Output, exactly as written, the lines below from the one that has "Rabalux - LED-ulkoseinävalaisin" through the one that has "Second-winter Mediterranean Gull"; nothing else, and no pictures.

Excerpted records below:

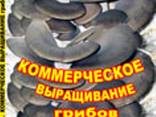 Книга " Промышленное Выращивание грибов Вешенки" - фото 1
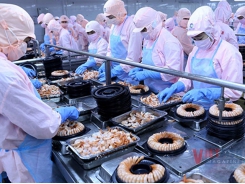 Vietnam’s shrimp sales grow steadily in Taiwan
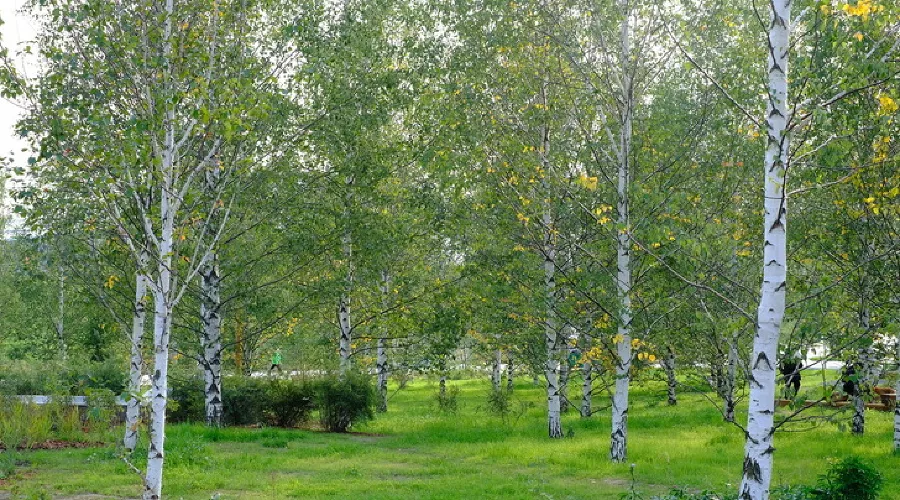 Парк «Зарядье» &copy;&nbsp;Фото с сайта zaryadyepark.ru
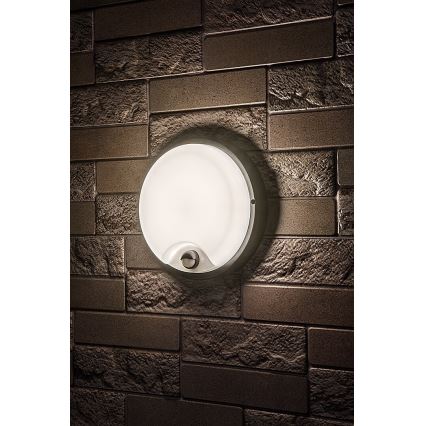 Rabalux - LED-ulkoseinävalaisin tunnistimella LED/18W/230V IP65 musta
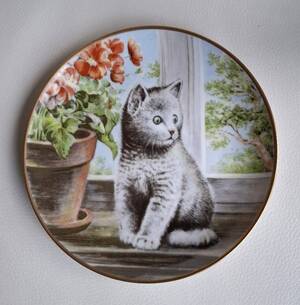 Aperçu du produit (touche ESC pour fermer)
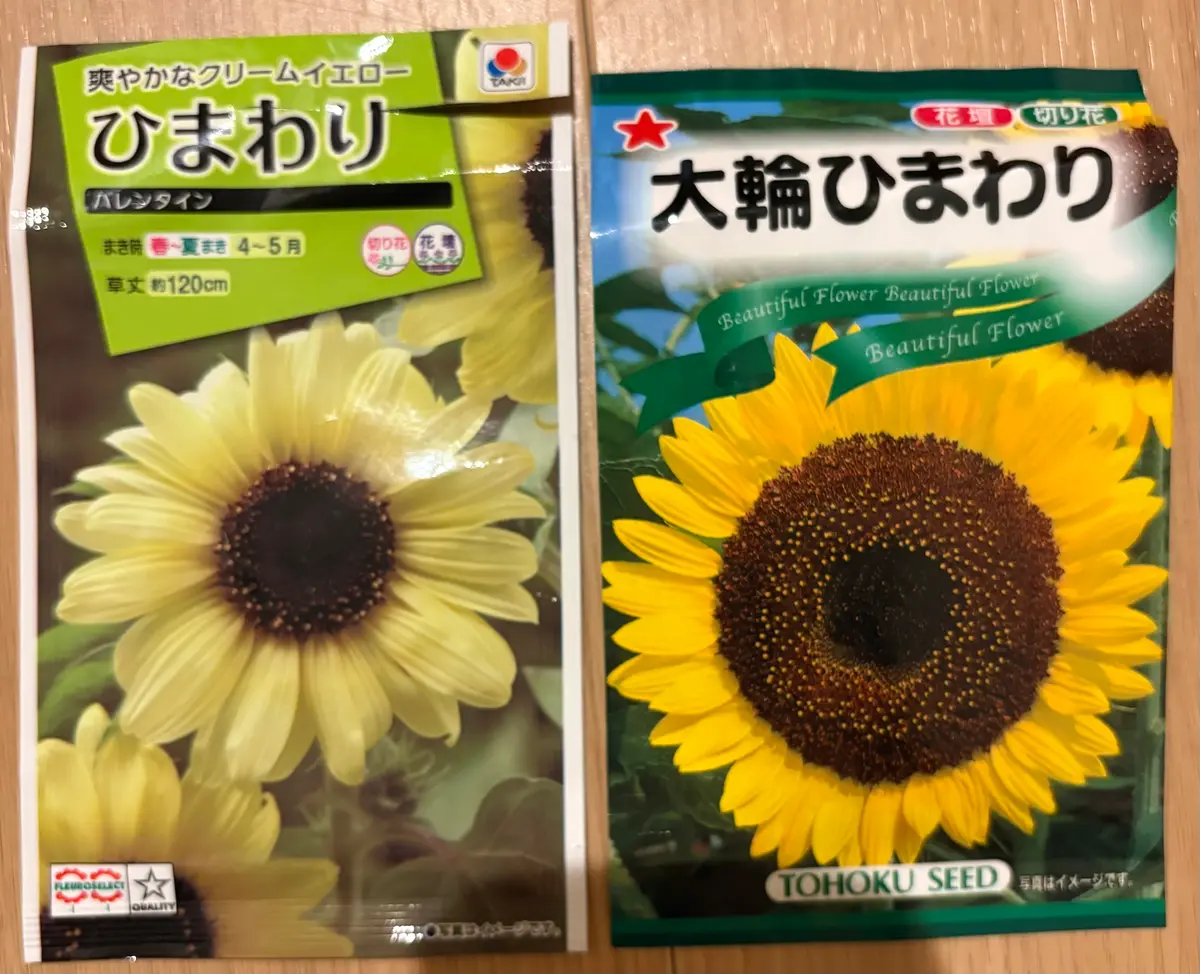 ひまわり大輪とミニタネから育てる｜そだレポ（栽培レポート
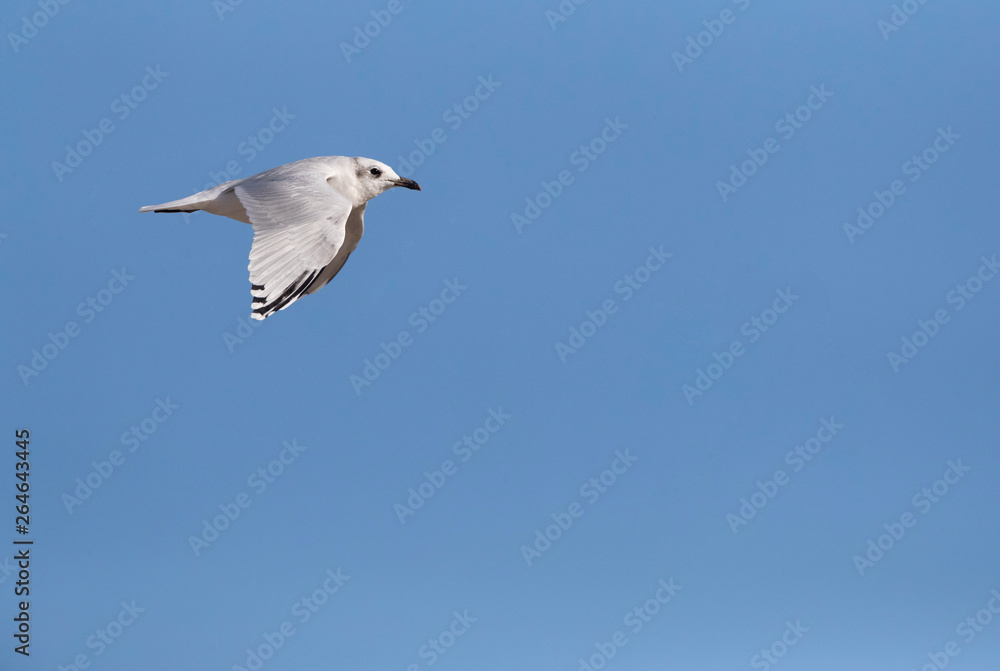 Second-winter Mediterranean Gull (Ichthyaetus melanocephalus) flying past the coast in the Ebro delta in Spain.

End of Excerpted records.
Excerpted records below:

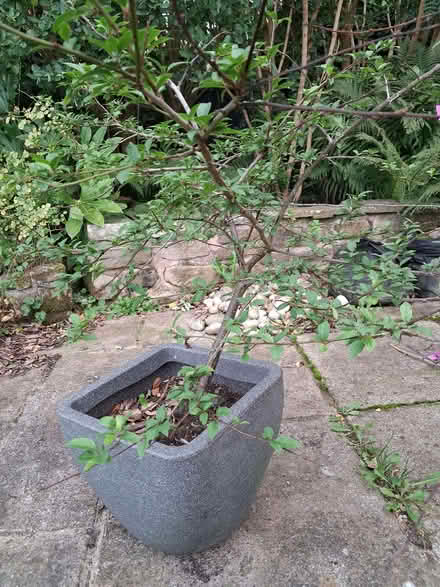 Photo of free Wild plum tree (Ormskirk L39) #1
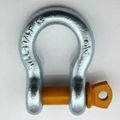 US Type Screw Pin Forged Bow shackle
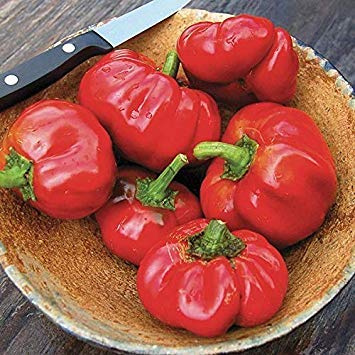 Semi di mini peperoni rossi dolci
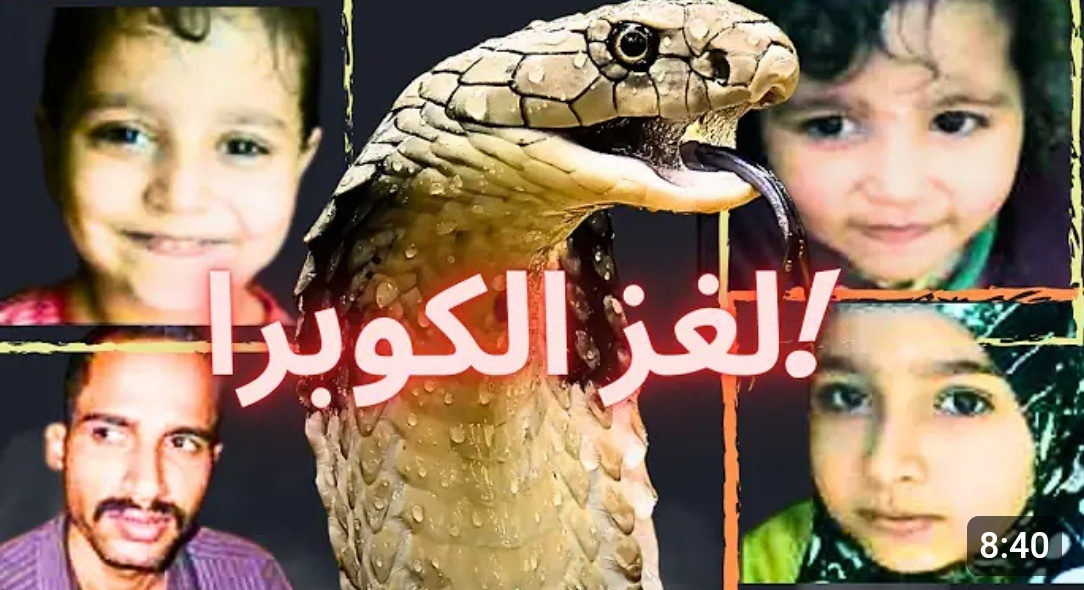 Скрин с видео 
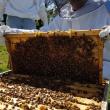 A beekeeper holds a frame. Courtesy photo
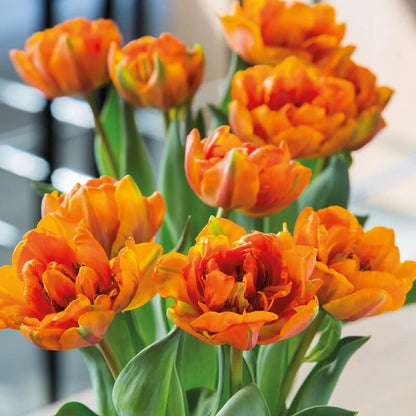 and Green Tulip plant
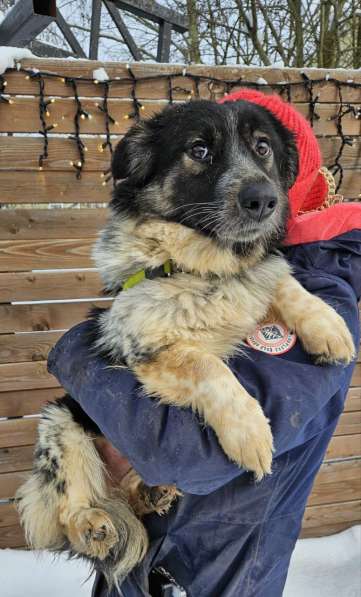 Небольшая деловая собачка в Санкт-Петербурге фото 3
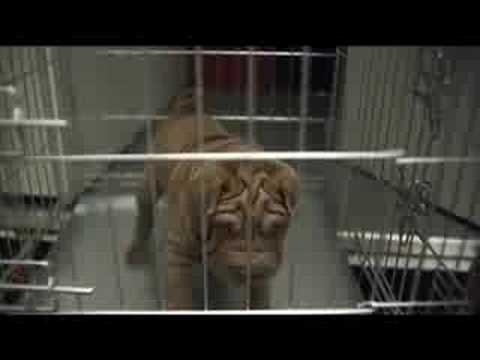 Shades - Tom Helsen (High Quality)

End of Excerpted records.

■ Exercise response
 Rabalux - LED-ulkoseinävalaisin tunnistimella LED/18W/230V IP65 musta
 Aperçu du produit (touche ESC pour fermer)
 ひまわり大輪とミニタネから育てる｜そだレポ（栽培レポート
 Second-winter Mediterranean Gull (Ichthyaetus melanocephalus) flying past the coast in the Ebro delta in Spain.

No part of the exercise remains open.